Des églises sont également pillées suite à des commémorations légitimistes et, si le pape Grégoire XVI donne à Louis-Philippe le titre de « Roi Très Chrétien », c'est parce qu'il a érigé l’évêché d’Alger, dans le cadre d'un colonialisme naissant au service de la bourgeoisie.

De fait, le catholicisme libéral, c'est-à-dire l'absolutisme masqué en pseudo parlementarisme, cède la place à l'idéologie libéral-catholique, dont les principales figures sont Félicité Robert de Lamennais (1782-1854) et Henri Lacordaire (1802-1861), sans oublier Frédéric Ozanam (1813-1853).

C'est l'idéologie de la démocratie chrétienne qui naît, et dont Victor Hugo est en fait le véritable poète, tout comme Chateaubriand était la principale figure littéraire de la réaction absolutiste. La démocratie chrétienne modernise la religion, l'intégrant dans les institutions, notamment universitaires, prônant une variante qui puisse s'adapter aux exigences scientifiques.

Le catholicisme change son fusil d'épaule : de soutien à la classe aristocrate, il se fait le serviteur de la bourgeoisie. C'est un grand changement idéologique propre à l'époque.

Ce n'est pas le seul. La bourgeoisie commerçante qui remplace la bourgeoisie financière à la tête de l’État n'est elle-même, bien sûr, pas exempte de contradiction, puisque la fraction aristocrate financière va de plus en plus prendre le dessus.

Karl Marx décrit très précisément, dans Les luttes de classes en France (1850), le processus aboutissant à la révolution de 1848 et, par conséquent, la nature de la monarchie qui naît en juillet 1830.

Il n'a pas vu, cependant, la naissance d'une idéologie anti-capitaliste de type plébéienne, comme on le voit aisément à la fin de son explication.

« Après la révolution de Juillet, lorsque le banquier libéral Laffitte conduisit en triomphe son compère le duc d'Orléans à l'Hôtel de ville, il laissa échapper ces mots : « Maintenant, le règne des banquiers va commencer ». Laffitte venait de trahir le secret de la révolution.

Ce n'est pas la bourgeoisie française qui régnait sous Louis-Philippe, mais une fraction de celle-ci : banquiers, rois de la Bourse, rois des chemins de fer, propriétaires de mines de charbon et de fer, propriétaires de forêts et la partie de la propriété foncière ralliée à eux, ce que l'on appelle l'aristocratie financière.

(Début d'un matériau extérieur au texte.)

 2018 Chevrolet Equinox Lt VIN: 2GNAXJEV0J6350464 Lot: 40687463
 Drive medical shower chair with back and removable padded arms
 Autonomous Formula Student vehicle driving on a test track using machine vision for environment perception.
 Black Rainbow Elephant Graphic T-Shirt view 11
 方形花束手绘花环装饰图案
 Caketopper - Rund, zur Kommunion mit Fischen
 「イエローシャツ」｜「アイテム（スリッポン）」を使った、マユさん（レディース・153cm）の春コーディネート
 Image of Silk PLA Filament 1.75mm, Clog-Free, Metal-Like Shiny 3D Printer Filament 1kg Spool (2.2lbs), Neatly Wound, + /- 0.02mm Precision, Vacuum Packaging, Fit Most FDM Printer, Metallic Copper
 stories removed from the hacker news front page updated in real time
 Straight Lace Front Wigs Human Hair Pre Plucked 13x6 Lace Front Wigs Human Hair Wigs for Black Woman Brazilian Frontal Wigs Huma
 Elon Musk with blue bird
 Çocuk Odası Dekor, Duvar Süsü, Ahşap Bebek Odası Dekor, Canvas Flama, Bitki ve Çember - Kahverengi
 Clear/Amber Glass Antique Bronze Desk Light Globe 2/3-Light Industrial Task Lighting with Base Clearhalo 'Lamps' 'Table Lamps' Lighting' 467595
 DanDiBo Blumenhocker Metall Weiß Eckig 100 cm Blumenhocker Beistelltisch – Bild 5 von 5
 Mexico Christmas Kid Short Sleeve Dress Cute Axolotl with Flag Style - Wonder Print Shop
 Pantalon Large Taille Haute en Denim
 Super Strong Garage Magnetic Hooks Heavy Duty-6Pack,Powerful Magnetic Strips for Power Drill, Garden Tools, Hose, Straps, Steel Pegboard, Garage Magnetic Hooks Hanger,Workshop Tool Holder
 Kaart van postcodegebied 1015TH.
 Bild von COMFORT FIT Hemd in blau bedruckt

Installée sur le trône, elle dictait les lois aux Chambres, distribuait les charges publiques, depuis les ministères jusqu'aux bureaux de tabac.

La bourgeoisie industrielle proprement dite formait une partie de l'opposition officielle, c'est-à-dire qu'elle n'était représentée que comme minorité dans les Chambres.

Son opposition se fit de plus en plus résolue au fur et à mesure que le développement de l'hégémonie de l'aristocratie financière devenait plus net et, après les émeutes de 1832, 1834 et 1839 noyées dans le sang, elle crut elle-même sa domination plus assurée sur la classe ouvrière.

Grandin, fabricant de Rouen, l'organe le plus fanatique de la réaction bourgeoise, tant dans l’Assemblée nationale constituante que dans la Législative, était, à la Chambre des députés, l'adversaire le plus violent de Guizot, Léon Faucher, connu plus tard pour ses vains efforts à se hausser au rôle de Guizot de la contre-révolution française, guerroya dans les derniers temps de Louis-Philippe à coups de plume en faveur de l'industrie contre la spéculation et son caudataire, le gouvernement. Bastiat, au nom de Bordeaux, et de toute la France vinicole, faisait de l'agitation contre le système régnant.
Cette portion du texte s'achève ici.